The critical reaction against these traditional canons had, as we have noted, already begun, but Pope and his contemporaries are in the main supporters of the established order, in full agreement with its guiding principle that the imitation of “Nature” should be the chief aim and end of art. It is scarcely necessary to add that it was not “Nature” in the Wordsworthian sense that was thus to be “imitated”; sometimes, indeed, it is difficult to discover what was meant by the term. But for Pope and his followers we usually find it to mean man as he lives his life in this world, and the phrase to “imitate Nature” might thus have an ethical purpose, signifying the moral “improvement” of man.
But to appreciate the full significance of this “doctrine,” and its eighteenth century interpretation, it is necessary to glance at the Aristotelian canon in which it had its origin. For Aristotle poetry was an objective “imitation” with a definite plan or purpose, of human actions, not as they are, but as they ought to be. The ultimate aim, then, according to the Poetics, is ideal truth, stripped of the local and the accidental; Nature is to be improved upon with means drawn from Nature herself. This theory, as extracted and interpreted by the Italian and French critics of the Renaissance, was early twisted into a notion of poetry as an agreeable falsity, and by the end of the seventeenth century it had come to mean, especially with the French, the imitation of a selected and embellished Nature, not directly, but rather through the medium of those great writers of antiquity, such as Homer and Virgil, whose works provided the received and recognized models of idealized nature.[17]

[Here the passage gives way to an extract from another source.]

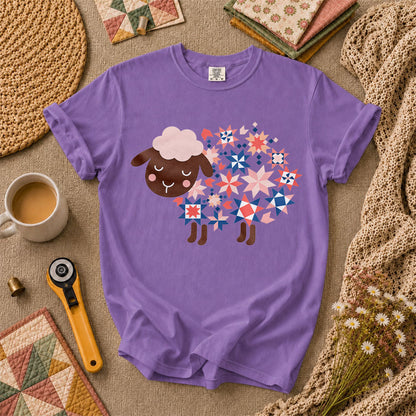 Quilted Sheep Patchwork Stars Cute T-Shirt - Heather Team Purple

As a corollary to this interpretation of the Aristotelian doctrine of ideal imitation, there appeared a tendency to ignore more and more the element of personal feeling in poetry,[18] and to concentrate attention on the formal elements of the art. This tendency, reinforced by the authority of the Horatian tag, ut pictura poesis (“as is painting, so is poetry”), led naturally, and in an ever-increasing degree, to the formal identification of poetry with painting. Critics became accustomed to discussing the elements in the art of writing that correspond to the other elements in pictorial art, such as light, colour, expression, etc. And as the poet was to be an imitator of accepted models, so also he was to be imitative and traditional in using poetical colouring, in which phrase were included, as Dryden wrote, “the words, the expressions, the tropes and figures, the versification, and all the other elegancies of sound.”[19] That this parallelism directly encourages the growth of a set “poetic diction” is obvious; the poet’s language was not to be a reflection of a genuine emotion felt in the mind for his words, phrases, and figures of speech, his operum colores,[20] he must not look to Nature but to models. In brief, a poetical gradus, compiled from accepted models, was to be the ideal source on which the poet was to draw for his medium of expression.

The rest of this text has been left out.